‘Civic Duty’ or ‘Civic Responsibility’?

By Khadija Khan



Meeting deadlines, struggling with organizational bureaucracy, and cold weather as well as absolute agitation over the ‘Signal Free Gulberg’ I snarled my way through the jam-packed traffic of Lahore’s boulevards. In all of the daily chaos, I looked at a frail old man holding a banner ‘’We Need Jinnah’s Pakistan’’. A lone ranger, I could recall having seen him a few times before, at the Liberty Chowk.

The combination of the 11oC temperature grappling Lahore, the sheer grit and determination with which he held the slogan over his head with a firm grip and a straight face posed intriguing questions, and compelled me to at least lend him an ear. His name is Mr. Ikram-ul-Haq (Rtd. Additional Managing Director of National Fertilizer Marketing Limited). At the age of 86, clearly having seen it all, achieved it all, he could care very little about fame or recognition. Upon my inquiry as to why he was out in the open in such cold, his concise words were:

‘’ Be it old age or cold weather, I am fulfilling my ‘Civic Duty’’

The utter contentment and pride in his tone left me awe-struck. With a sparkle in his eye, he talked about the greatness of this country’s founder Muhammad Ali Jinnah. He spoke with a sparkle unbeknown to us the young generation of a time when it was not an obligation but a natural sentiment which drove people to contribute towards the ‘Pakistan Movement’. He spoke of dedicating his younger years from 1944 to 1948 for this great cause. Distributing a pamphlet, to interested candidates, he laid out manifestations of Jinnah’s ideology for a perfect secular state (a perfect Pakistan that is still a far cry from where we stand today). The manifestation was a proponent of the rule of law, transparent democratic rule, freedom of thought and choice, protection of life, limb and property, quality education for all, patience and above all honesty as a virtue.

It is pertinent to define and differentiate between ‘Civic Duty’ and ‘Civic Responsibility’. While, Civic Duty is the set of actions required by law for a citizen to perform, for instance abiding by the law, voting or paying taxes. On the contrary, ‘Civic Responsibility’ is actions performed by an individual as a goodwill gesture, that is, volunteering, recycling, and helping other citizens, so on.

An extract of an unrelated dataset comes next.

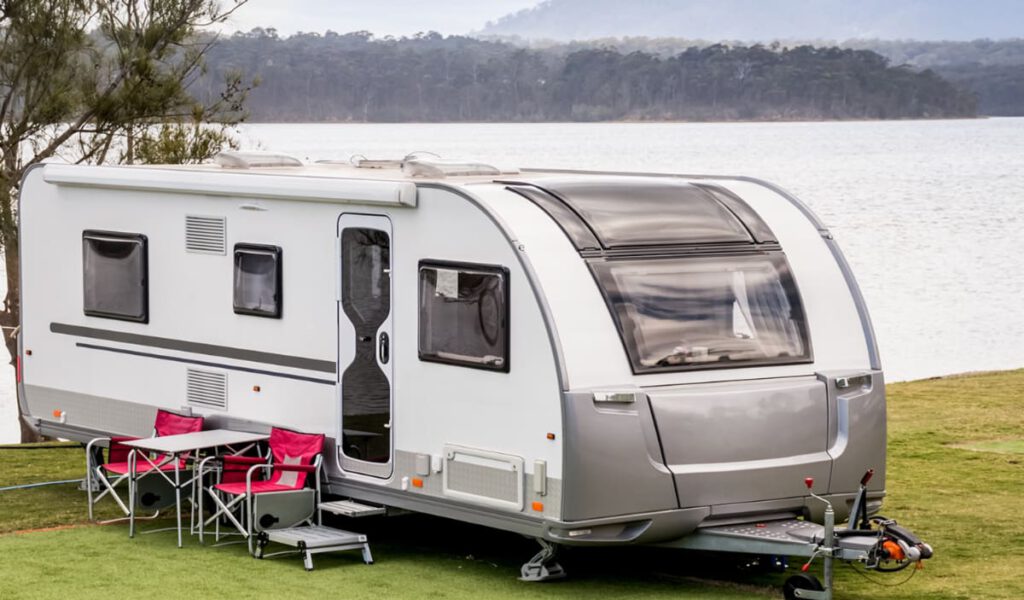 rv windshield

Will it be safe to state that as a nation we are a tad bit behind on both our duty and responsibility? It was not up until the 2013 elections that a rigorous campaign for the non-voting populace was carried out by political newbies such as the PTI to come forward and end their self-proclaimed exile from the voting booths. Structural issues still continue to daunt our electoral process which includes a toothless and incompetent Election Commission, lack of constitutional rights for overseas Pakistanis to cast their ballots as well as electoral rigging reports and re-election fiascos. Fulfilling Civic Duties and Responsibilities tend to set nation states apart. The legendry heavyweight boxer Muhammad Ali who defied his Civic Duty by not registering to fight in the Vietnam War was reprimanded. He was stripped of his boxing titles, arrested and shamed. He had to come out of retirement in the late 1970s as a shade of a boxer he once was. Therefore great nations require commitment to Civic Duty and Responsibility from their citizens.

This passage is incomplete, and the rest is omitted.